- Data section

Start of Block

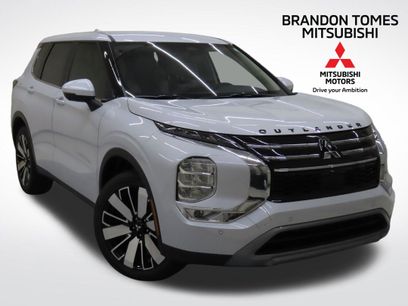 New 2025 Mitsubishi Outlander SE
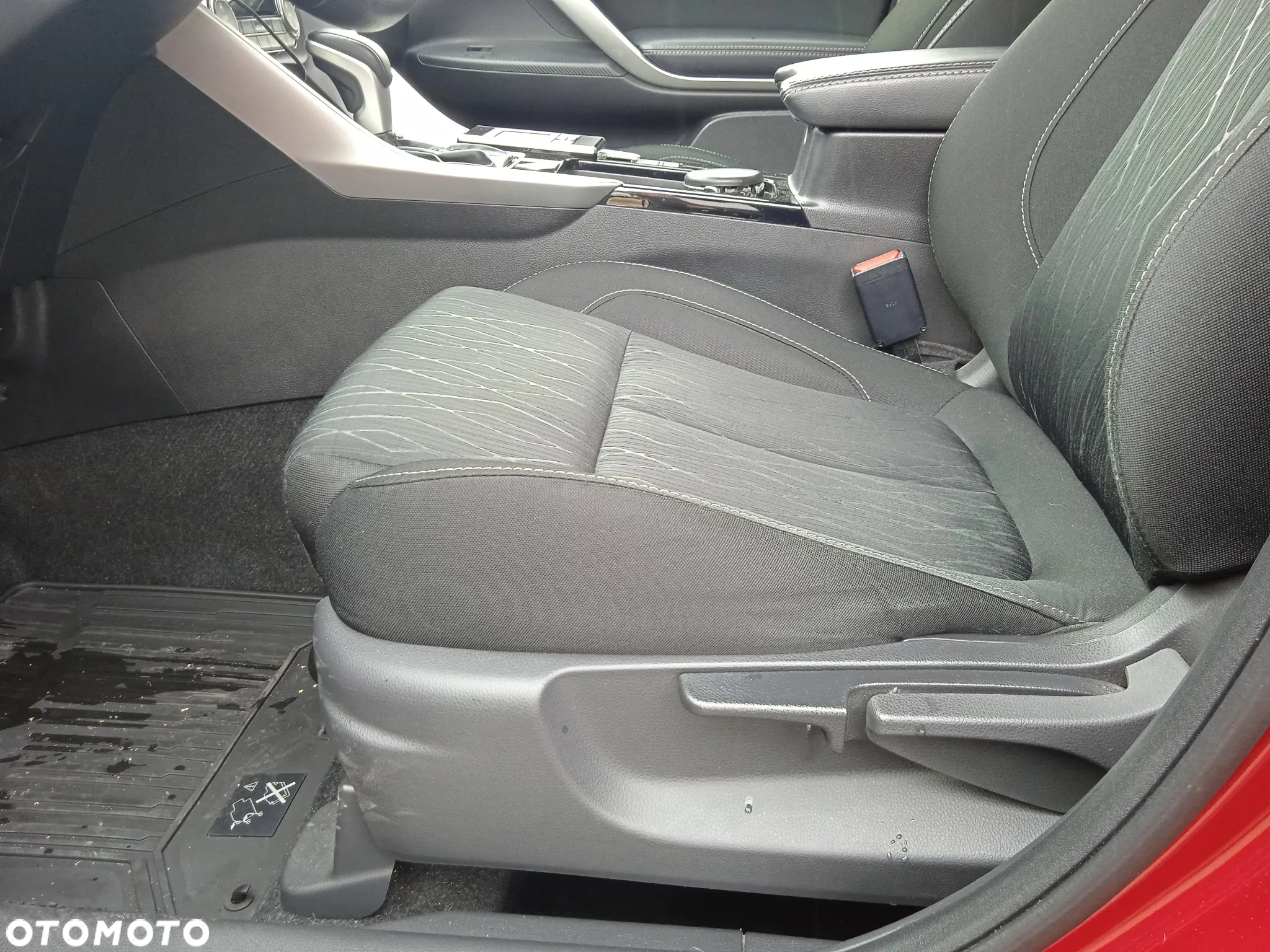 Mitsubishi Eclipse Cross 1.5 T Intense Plus CVT - 30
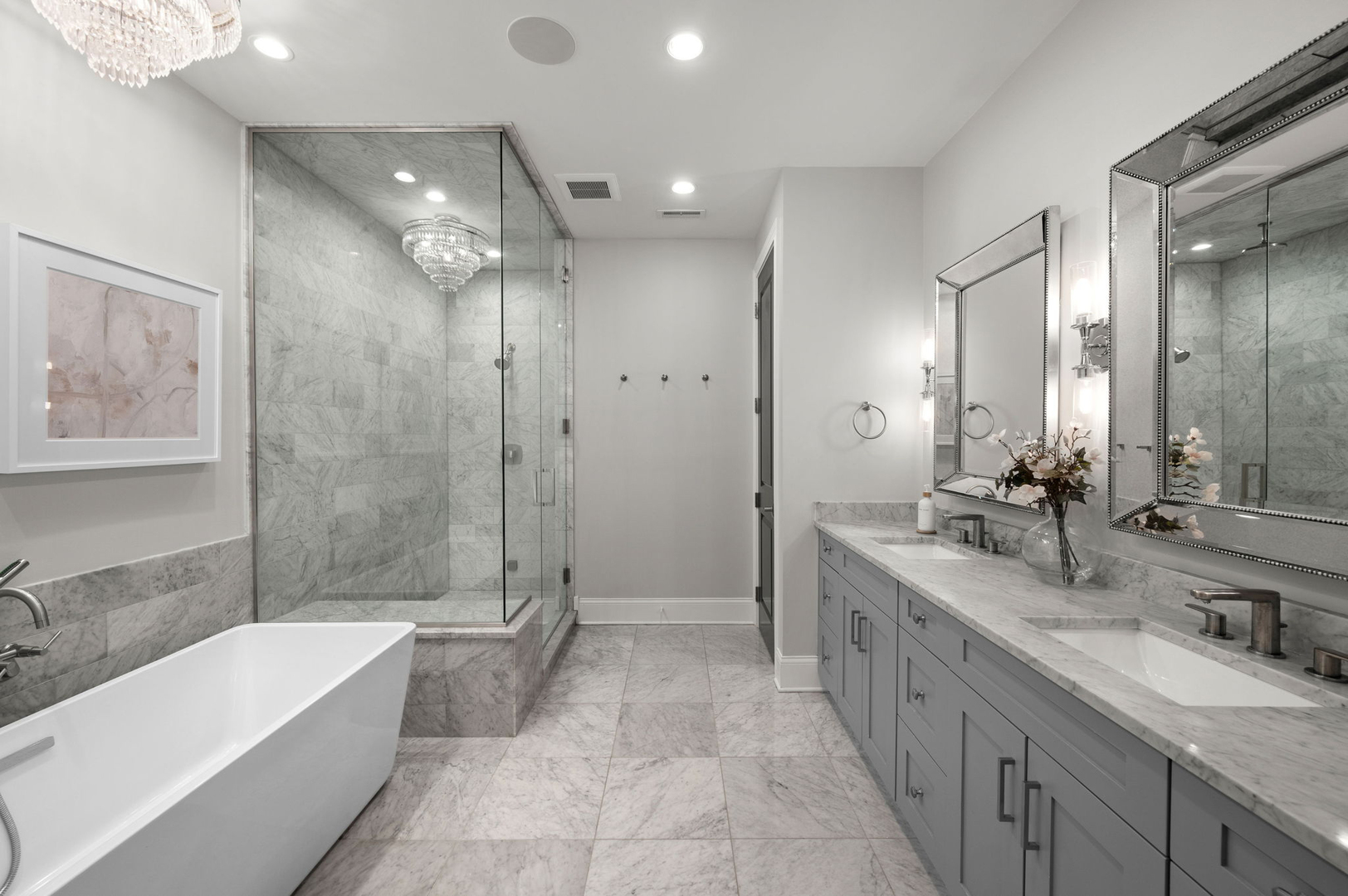 2455 N Racine Avenue Unit: 1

End of Block

The answer should contain all the material above, copied exactly, and no images.

 New 2025 Mitsubishi Outlander SE
 Mitsubishi Eclipse Cross 1.5 T Intense Plus CVT - 30
 2455 N Racine Avenue Unit: 1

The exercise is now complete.